Discussions about college prep start in middle school, and high school freshmen are reminded that grades really matter now. If your child is interested in college, the competition for admission is steep. In addition to academics, teens are told that extracurriculars matter too, and they should really get involved if they want to get into a “good” college.

Not sure about college? No problem. There are wonderful opportunities outside of college. “So what are you interested in, Kiddo? What do you want to do for a living?” Teens often feel a great deal of stress to “have it all figured out” and to have a plan for life after high school, meanwhile, they’re just trying to get through a school day without making a fool of themselves.

Teen sports have also intensified, with most serious student-athletes practicing almost year-round. There doesn’t seem to be much of an “off-season” these days.

It’s easy to see how anxiety in teens can escalate quickly as they experience these pressures, and worry about the “not good enoughs.”

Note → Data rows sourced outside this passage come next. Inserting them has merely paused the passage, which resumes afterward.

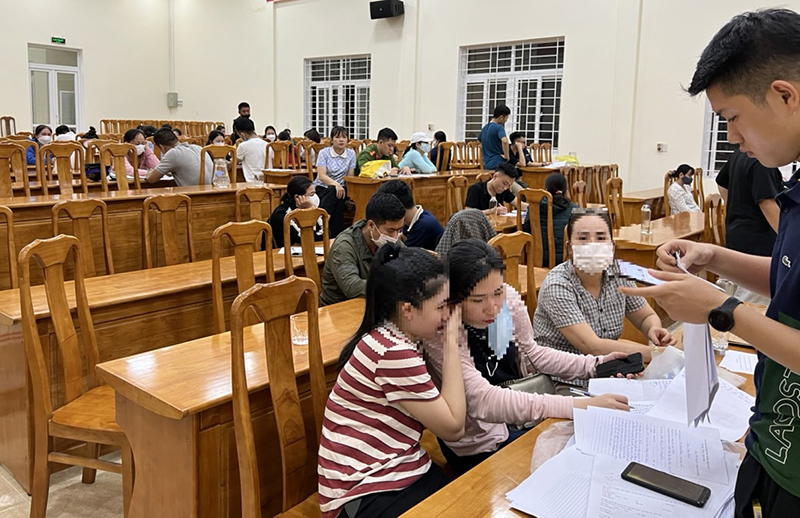 Gần 300 cán bộ, chiến sỹ Công an TP. Đồng Hới đã được huy động để đấu tranh, triệu tập với các đối tượng đánh bạc bằng hình thức số lô, số đề.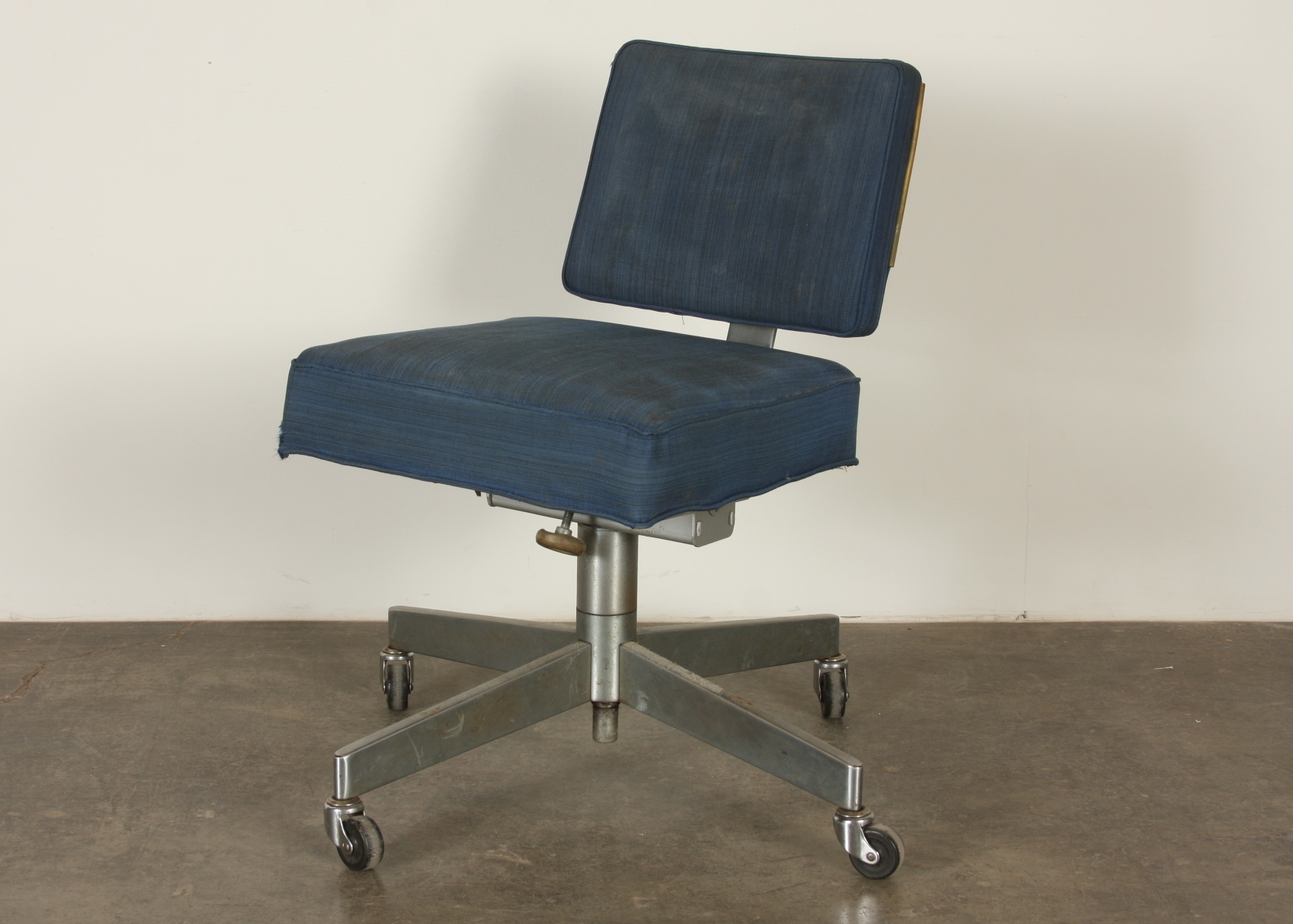Steelcase Office Chair On Casters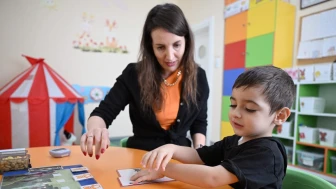 Büyükşehir Belediyesi, otizmli çocuklara kapsamlı destek sağlıyor: Ücretsiz 12 binden fazla seans sunuldu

  1. If your teen is not particularly stressed about grades or athletics, social media can create enough drama to last a lifetime. Everything they do or say or type can be on display, ready for instant humiliation at a moment’s notice.
a boy wearing headphones using a cell phone

Every teen just wants to be accepted and liked. It’s easy for them to experience significant anxiety about saying the “right thing” or not doing the “wrong thing.” Teens don’t want to stand out. They want to fit in.

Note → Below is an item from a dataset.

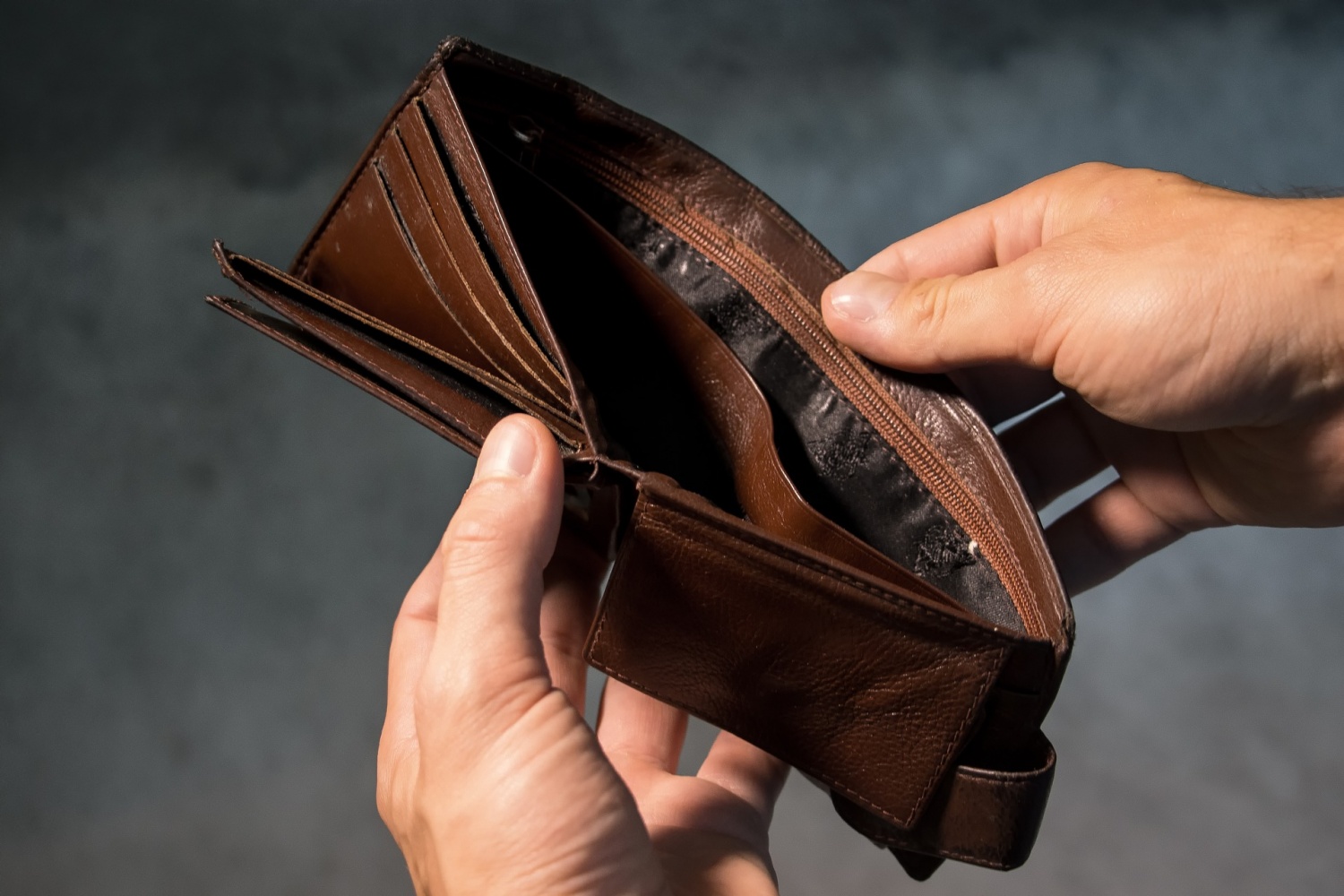 People Globally Return &#039;Lost&#039; Wallets More As Money Increases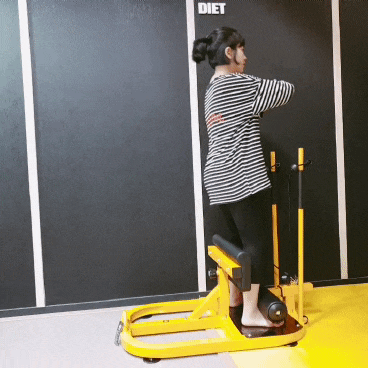  스쿼트기구 자세 교정으로 운동효과 UP! 멜킨 스쿼트 머신 생생 후기!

And access to social media serves as a 24-7 reminder of what’s cool and what’s not, who’s popular and who’s not, and suggests that every other teen on the planet has it figured out. It’s almost impossible for your teen (or for any of us for that matter) to consume social media without comparing themselves to others, and in those comparisons, your teen usually comes away feeling like they just don’t measure up.

  1. Hormones. Enough said.

What should I be looking for as their parent? What are the signs of anxiety in teens?

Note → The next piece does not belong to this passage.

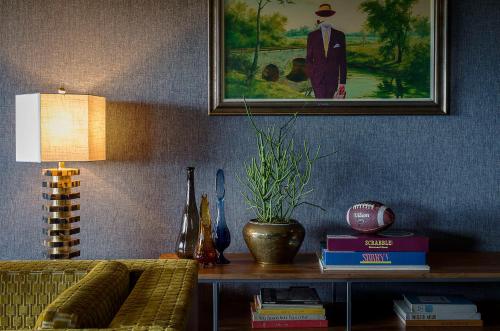585633615 Graduate by Hilton Ann Arbor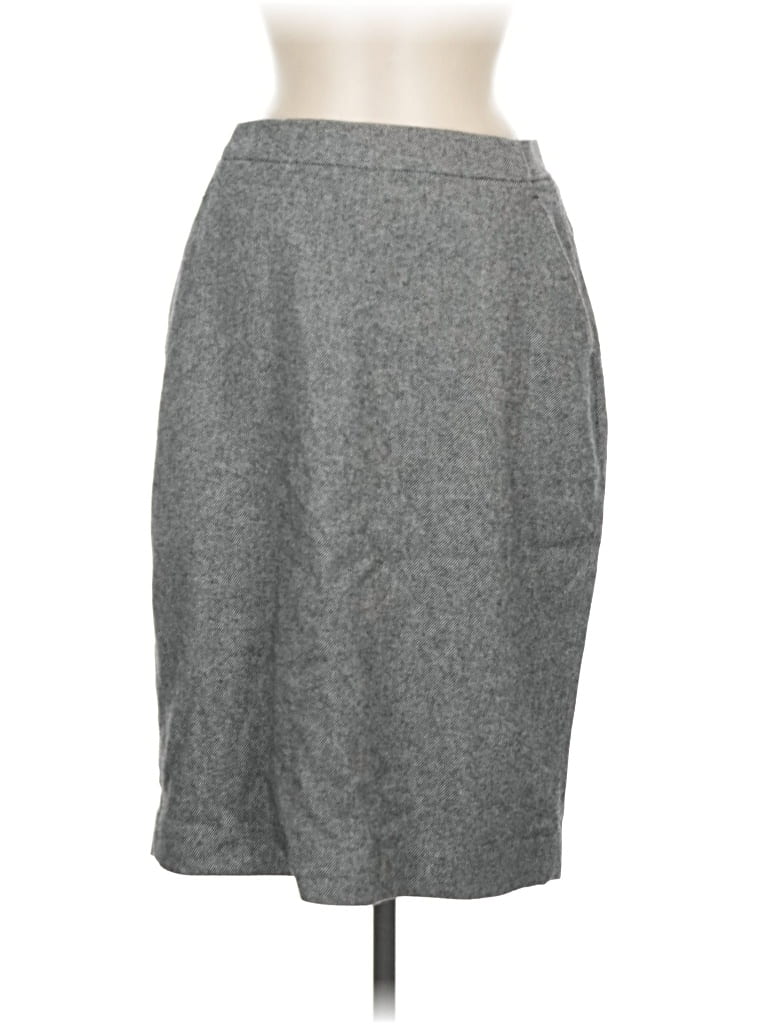 Pre-owned Uniqlo Casual Skirt In Gray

  1. Anxiety in teens is not always easily recognized because they may be good at hiding it. Often teens who have the propensity to worry, or were worriers at a younger age, are also the teens who “don’t want to disappoint” their parents or be cause for concern. They may be the pleasers, and they may try to play down what they’re feeling. Anxiety may show up as perfectionism.

Some indications of anxiety in teens include:

  • Outbursts
  • Constant, uncontrollable, and excessive worry to the point of paralysis (inaction) or tears
  • Disturbances to their sleep or appetite
  • Increased irritability or lashing out
  • Isolating themselves socially or a change in their social interactions
  • Experiencing panic attacks- complaining of heart pounding, shortness of breath
  • School anxiety or refusing to attend
  • Physical symptoms such as tension headaches, migraines, or stomach issues

For more information on what to look for and the Simi Valley Teen therapy and other services we offer for anxiety in teens, call our team of dedicated psychologists in Moorpark at (805) 842-1994.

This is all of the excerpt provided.